**What to produce**: Start at the line below containing "2022 Jeep Compass" and stop at the line containing "銳天為觀展人員耐心的講解 銳天為觀展人員耐心的講解". Repeat every line of that stretch exactly, and nothing outside it.

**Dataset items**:

━━━━━━━━━━

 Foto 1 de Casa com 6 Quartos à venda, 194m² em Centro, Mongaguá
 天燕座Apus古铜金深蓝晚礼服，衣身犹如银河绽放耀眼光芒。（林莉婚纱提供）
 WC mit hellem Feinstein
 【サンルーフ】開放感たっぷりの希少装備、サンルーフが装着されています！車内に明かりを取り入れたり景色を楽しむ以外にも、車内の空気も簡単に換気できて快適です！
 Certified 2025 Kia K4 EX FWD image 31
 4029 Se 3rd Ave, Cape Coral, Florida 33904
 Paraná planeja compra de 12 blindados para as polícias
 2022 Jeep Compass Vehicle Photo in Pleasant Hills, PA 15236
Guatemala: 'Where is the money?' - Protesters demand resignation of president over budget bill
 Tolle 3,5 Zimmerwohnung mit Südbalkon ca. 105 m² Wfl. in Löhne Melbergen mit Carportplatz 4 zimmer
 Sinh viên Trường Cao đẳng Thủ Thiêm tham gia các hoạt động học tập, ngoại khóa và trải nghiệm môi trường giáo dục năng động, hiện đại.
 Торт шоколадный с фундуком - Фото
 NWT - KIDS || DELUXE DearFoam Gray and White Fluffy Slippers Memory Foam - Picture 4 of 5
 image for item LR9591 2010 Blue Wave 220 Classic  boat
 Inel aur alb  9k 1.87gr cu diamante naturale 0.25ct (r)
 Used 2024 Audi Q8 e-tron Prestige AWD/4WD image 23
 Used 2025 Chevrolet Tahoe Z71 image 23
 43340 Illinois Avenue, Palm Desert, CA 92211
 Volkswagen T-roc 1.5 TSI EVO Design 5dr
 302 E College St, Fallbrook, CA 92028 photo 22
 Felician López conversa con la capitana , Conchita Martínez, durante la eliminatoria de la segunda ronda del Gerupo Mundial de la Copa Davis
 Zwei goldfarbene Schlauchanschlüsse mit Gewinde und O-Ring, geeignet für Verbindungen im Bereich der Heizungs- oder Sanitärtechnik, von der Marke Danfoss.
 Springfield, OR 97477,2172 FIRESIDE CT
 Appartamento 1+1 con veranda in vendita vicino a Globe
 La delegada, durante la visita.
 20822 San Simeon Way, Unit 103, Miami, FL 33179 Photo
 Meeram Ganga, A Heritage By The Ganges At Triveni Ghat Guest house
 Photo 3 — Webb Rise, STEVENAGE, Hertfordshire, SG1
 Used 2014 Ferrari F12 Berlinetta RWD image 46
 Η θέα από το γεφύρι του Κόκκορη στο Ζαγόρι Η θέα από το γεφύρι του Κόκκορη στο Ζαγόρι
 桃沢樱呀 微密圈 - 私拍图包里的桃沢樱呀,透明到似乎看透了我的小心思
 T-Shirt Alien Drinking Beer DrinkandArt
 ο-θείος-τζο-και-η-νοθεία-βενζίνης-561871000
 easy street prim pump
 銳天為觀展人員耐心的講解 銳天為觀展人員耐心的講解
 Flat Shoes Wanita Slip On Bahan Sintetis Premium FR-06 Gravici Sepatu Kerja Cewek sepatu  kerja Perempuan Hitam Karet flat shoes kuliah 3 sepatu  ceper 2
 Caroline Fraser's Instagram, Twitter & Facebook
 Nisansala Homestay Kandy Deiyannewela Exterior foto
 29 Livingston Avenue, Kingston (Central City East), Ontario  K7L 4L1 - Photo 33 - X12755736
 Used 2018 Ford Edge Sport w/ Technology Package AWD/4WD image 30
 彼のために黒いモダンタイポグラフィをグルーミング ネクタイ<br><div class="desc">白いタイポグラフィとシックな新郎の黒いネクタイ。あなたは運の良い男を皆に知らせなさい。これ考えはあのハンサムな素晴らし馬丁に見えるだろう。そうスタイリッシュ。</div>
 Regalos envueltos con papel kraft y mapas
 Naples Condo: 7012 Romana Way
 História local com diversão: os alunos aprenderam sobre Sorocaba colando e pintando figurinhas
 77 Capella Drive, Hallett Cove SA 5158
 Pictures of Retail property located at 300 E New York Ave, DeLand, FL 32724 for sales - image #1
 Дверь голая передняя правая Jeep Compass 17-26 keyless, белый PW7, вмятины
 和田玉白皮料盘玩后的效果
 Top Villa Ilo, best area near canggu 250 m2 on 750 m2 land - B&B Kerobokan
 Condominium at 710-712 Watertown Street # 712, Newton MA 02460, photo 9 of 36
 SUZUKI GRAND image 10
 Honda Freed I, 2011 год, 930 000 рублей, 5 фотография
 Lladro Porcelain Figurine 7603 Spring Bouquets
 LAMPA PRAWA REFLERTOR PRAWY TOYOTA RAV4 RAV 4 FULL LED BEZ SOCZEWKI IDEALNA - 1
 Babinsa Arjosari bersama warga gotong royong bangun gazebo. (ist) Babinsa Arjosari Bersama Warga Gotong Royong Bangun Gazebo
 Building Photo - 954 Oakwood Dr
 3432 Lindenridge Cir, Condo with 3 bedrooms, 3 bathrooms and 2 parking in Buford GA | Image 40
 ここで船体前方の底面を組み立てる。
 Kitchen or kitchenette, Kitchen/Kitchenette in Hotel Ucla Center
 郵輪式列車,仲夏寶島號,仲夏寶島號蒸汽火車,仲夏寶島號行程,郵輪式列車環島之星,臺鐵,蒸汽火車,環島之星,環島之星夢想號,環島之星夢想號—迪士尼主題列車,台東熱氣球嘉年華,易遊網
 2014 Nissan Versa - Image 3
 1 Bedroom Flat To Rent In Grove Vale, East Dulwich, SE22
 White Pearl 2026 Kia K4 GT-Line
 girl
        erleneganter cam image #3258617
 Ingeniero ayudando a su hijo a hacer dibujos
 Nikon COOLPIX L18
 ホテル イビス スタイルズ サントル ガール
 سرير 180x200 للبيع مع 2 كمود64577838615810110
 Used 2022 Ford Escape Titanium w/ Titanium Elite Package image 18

━━━━━━━━━━

**Completed task**:
 2022 Jeep Compass Vehicle Photo in Pleasant Hills, PA 15236
Guatemala: 'Where is the money?' - Protesters demand resignation of president over budget bill
 Tolle 3,5 Zimmerwohnung mit Südbalkon ca. 105 m² Wfl. in Löhne Melbergen mit Carportplatz 4 zimmer
 Sinh viên Trường Cao đẳng Thủ Thiêm tham gia các hoạt động học tập, ngoại khóa và trải nghiệm môi trường giáo dục năng động, hiện đại.
 Торт шоколадный с фундуком - Фото
 NWT - KIDS || DELUXE DearFoam Gray and White Fluffy Slippers Memory Foam - Picture 4 of 5
 image for item LR9591 2010 Blue Wave 220 Classic  boat
 Inel aur alb  9k 1.87gr cu diamante naturale 0.25ct (r)
 Used 2024 Audi Q8 e-tron Prestige AWD/4WD image 23
 Used 2025 Chevrolet Tahoe Z71 image 23
 43340 Illinois Avenue, Palm Desert, CA 92211
 Volkswagen T-roc 1.5 TSI EVO Design 5dr
 302 E College St, Fallbrook, CA 92028 photo 22
 Felician López conversa con la capitana , Conchita Martínez, durante la eliminatoria de la segunda ronda del Gerupo Mundial de la Copa Davis
 Zwei goldfarbene Schlauchanschlüsse mit Gewinde und O-Ring, geeignet für Verbindungen im Bereich der Heizungs- oder Sanitärtechnik, von der Marke Danfoss.
 Springfield, OR 97477,2172 FIRESIDE CT
 Appartamento 1+1 con veranda in vendita vicino a Globe
 La delegada, durante la visita.
 20822 San Simeon Way, Unit 103, Miami, FL 33179 Photo
 Meeram Ganga, A Heritage By The Ganges At Triveni Ghat Guest house
 Photo 3 — Webb Rise, STEVENAGE, Hertfordshire, SG1
 Used 2014 Ferrari F12 Berlinetta RWD image 46
 Η θέα από το γεφύρι του Κόκκορη στο Ζαγόρι Η θέα από το γεφύρι του Κόκκορη στο Ζαγόρι
 桃沢樱呀 微密圈 - 私拍图包里的桃沢樱呀,透明到似乎看透了我的小心思
 T-Shirt Alien Drinking Beer DrinkandArt
 ο-θείος-τζο-και-η-νοθεία-βενζίνης-561871000
 easy street prim pump
 銳天為觀展人員耐心的講解 銳天為觀展人員耐心的講解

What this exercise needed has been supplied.